If you’re used to checking your phone every morning to see what the weather is, that might change in the future due to bandwidth issues, according to the National Weather Service. In a recent statement, the NWS shared that as their data budget is hitting a ceiling, and demand for access continues to grow, they may have to consider throttling the amount of users who can access their essential forecast data.
According to their statement: “As demand for data continues to grow across NCEP websites, we are proposing to put new limits into place to safeguard our web services. The frequency of how often these websites are accessed by the public has created limitations and infrastructure constraints.”

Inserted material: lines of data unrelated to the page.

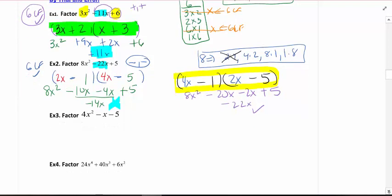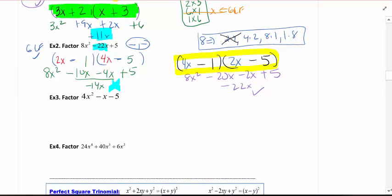Pause this any time you need to and rewind to listen again. Whenever you're using trial and error, I think it's always best to start off with a prime number. Now, if there are no primes, it doesn't eliminate anything and you just have to guess and check. But start off by putting a prime down if you have one.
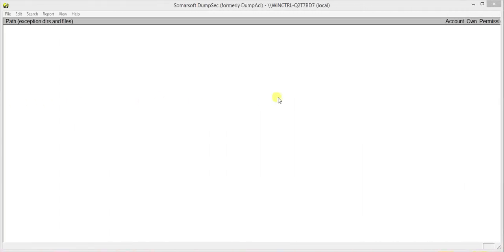Hello everyone, welcome back. Today I'd like to introduce to you a tool called Softmasoft Dumpsec.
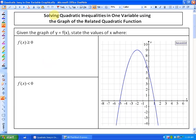In this lesson, what we're going to look at is solving quadratic inequalities in one variable using the graph of the related quadratic function. So we're going to solve these visually. In this particular case, we're solving quadratic inequalities in one variable.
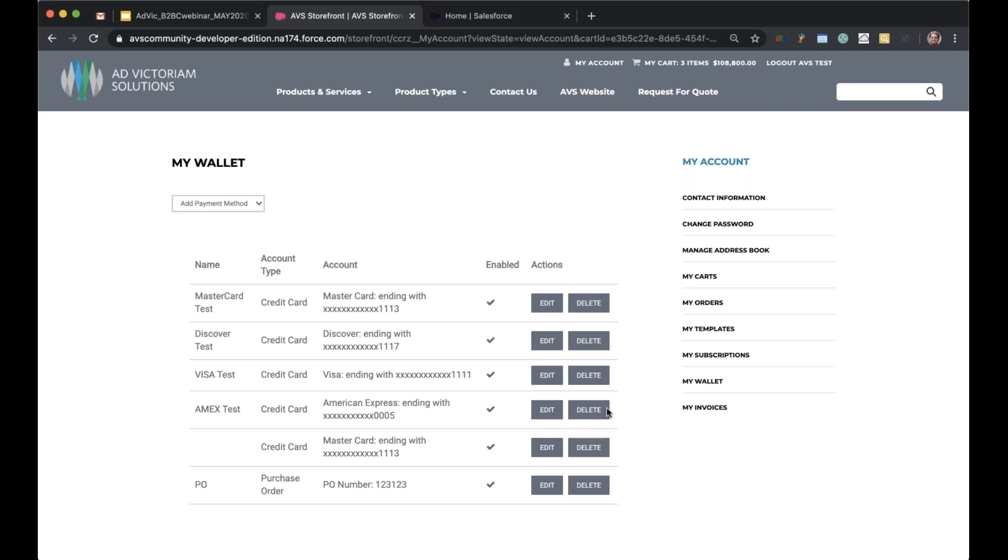Lastly, on the My Account page, we have invoices. We do have the ability within B2B commerce to invoice our customers and allow our customers to pay against those invoices. Let's say our customer pays with a terms order, they can come back in here and actually pay against that invoice. That covers our storefront portion of the demo.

For the past decade, the National Weather Service has been struggling to find the best and most efficient ways to disseminate critical forecast and warning information. According to an in-depth look at this problem by the Washington Post, the combination of increased data collection and demand for access from private companies and hobbyists has created a bottleneck that at times has crashed NWS websites.

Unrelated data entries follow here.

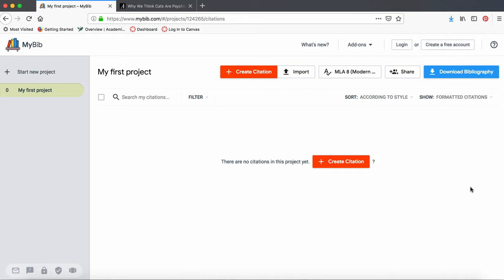I'm going to show you how to use the Automatic Citation Generator MyBib. First, let's create an account.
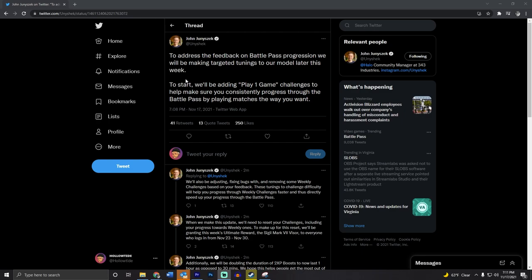To address the feedback on the Battle Pass progression, we are going to be making targeted tunings to our model later this week. To start, we'll be adding play one game challenges to help make sure you consistently progress through the Battle Pass by playing matches the way you want.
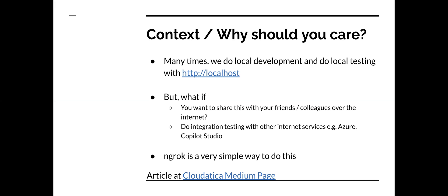Why should you care? For some of you, it may be very obvious, but just to make it more explicit, many times we do local development and do local testing, and we get something working at HTTP localhost. It could be your website. It could be some API like I showed in one of my previous tutorials for copilot skill extension. But what if you want to share this localhost with your friends, colleagues, customers, or the internet just for them to take a quick look and give you feedback? Or you may want to do integration testing with other internet services, which could be Azure, Copilot Studio, or what have you. Like I mentioned in one of my previous tutorials, I did use this and showed you how to quickly just run something on your local machine, do integration testing before you actually do the deployment. So ngrok is a very simple way to do this.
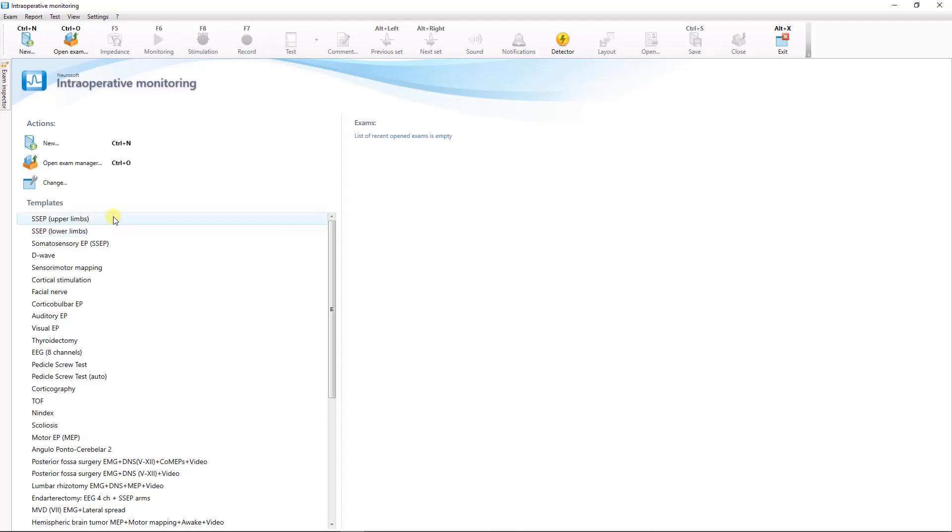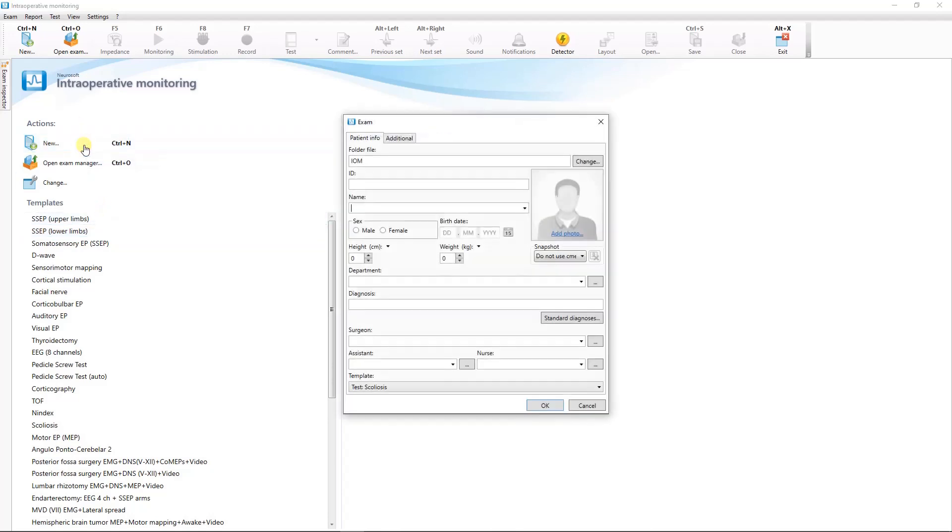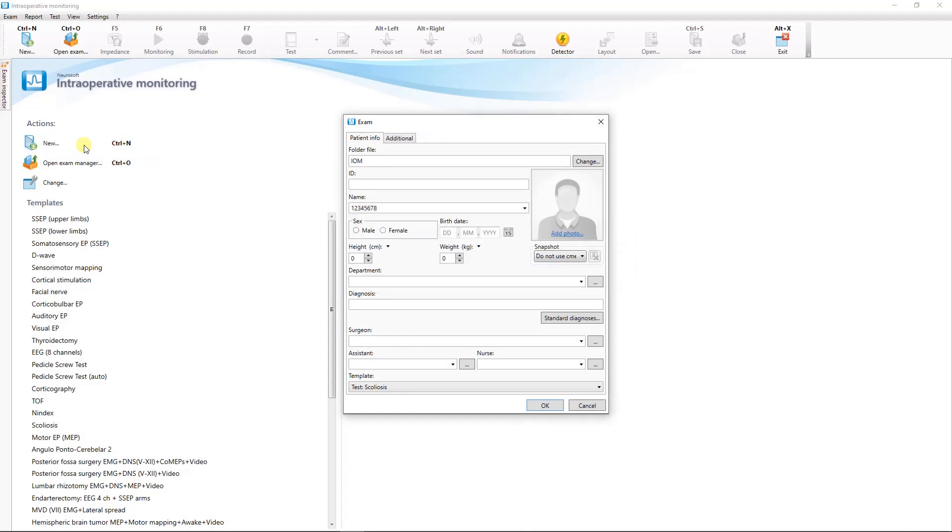You can also start monitoring by clicking the new exam button and in the appeared dialog box enter the patient's data and select the test template from the list.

Ordinary weather consumers who get their information primarily from weather apps on their phones would be affected by the NWS proposal to throttle access because the forecasts and weather alerts they receive are based on data that comes from the Weather Service. If nothing else, the data limits could cause services that rely on NWS data, like many smartphone weather apps, to be hours behind the real-time measurements they’ve been accustomed to accessing.

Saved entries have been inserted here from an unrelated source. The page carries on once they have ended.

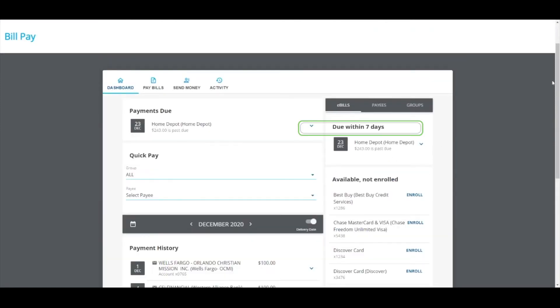You'll see your e-bill pay due date and amount due will appear in the Dashboard window. Repeat this process to connect your other bills.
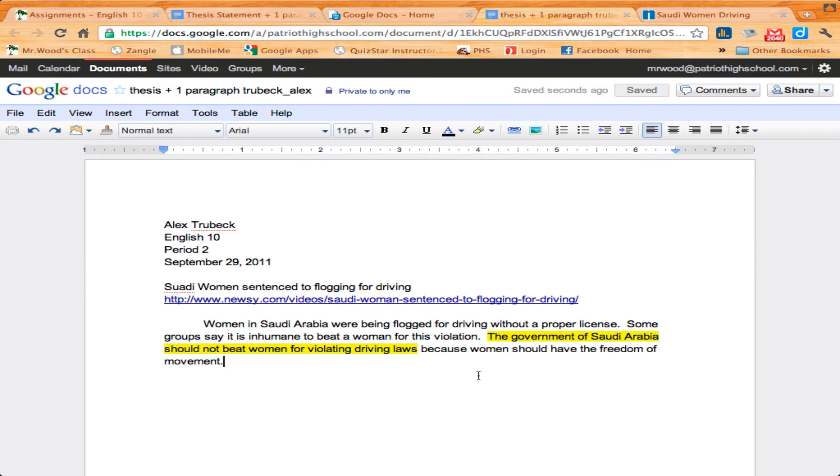So tomorrow we'll talk about how to construct the second paragraph that's putting in all our lead-ins and quotes and commentaries. That's only one paragraph. Thank you.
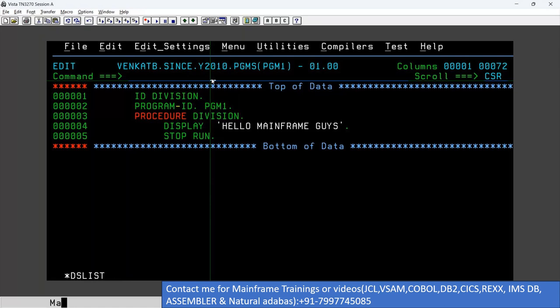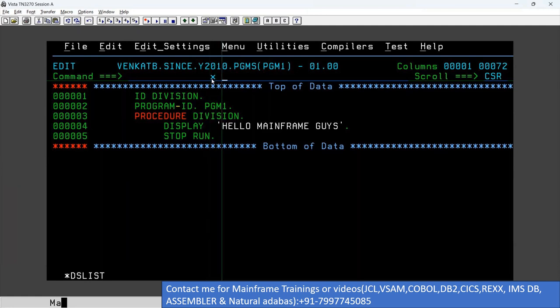How do you find how many rows are there in a file or program? What is the shortcut? If you don't know, then you have to watch this short video. Just type 'X space ALL'.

This issue has not been ignored by the government, and a senior ranking member of the Senate Commerce Committee, which oversees NOAA, recently commented publicly that a request to upgrade the Weather Service’s computing infrastructure would probably find bipartisan support.
“From wildfires in Washington to hurricanes on the Gulf Coast, seconds count to save lives and property, and weather data plays a critical role in getting our emergency managers and first responders the information they need,” said Sen. Maria Cantwell. “The United States should be striving to be the best in the world when it comes to weather data and forecasts, and with everything we’ve seen this year, a request to upgrade servers at the National Weather Service would find support on both sides of the aisle in Congress. Telling people to limit their use of this critical data is not an acceptable answer.”
While everyone is scrambling to find the best solution to this issue, the NWS has assured the public that if changes are ultimately made, they would be rolled out slowly with advanced notification.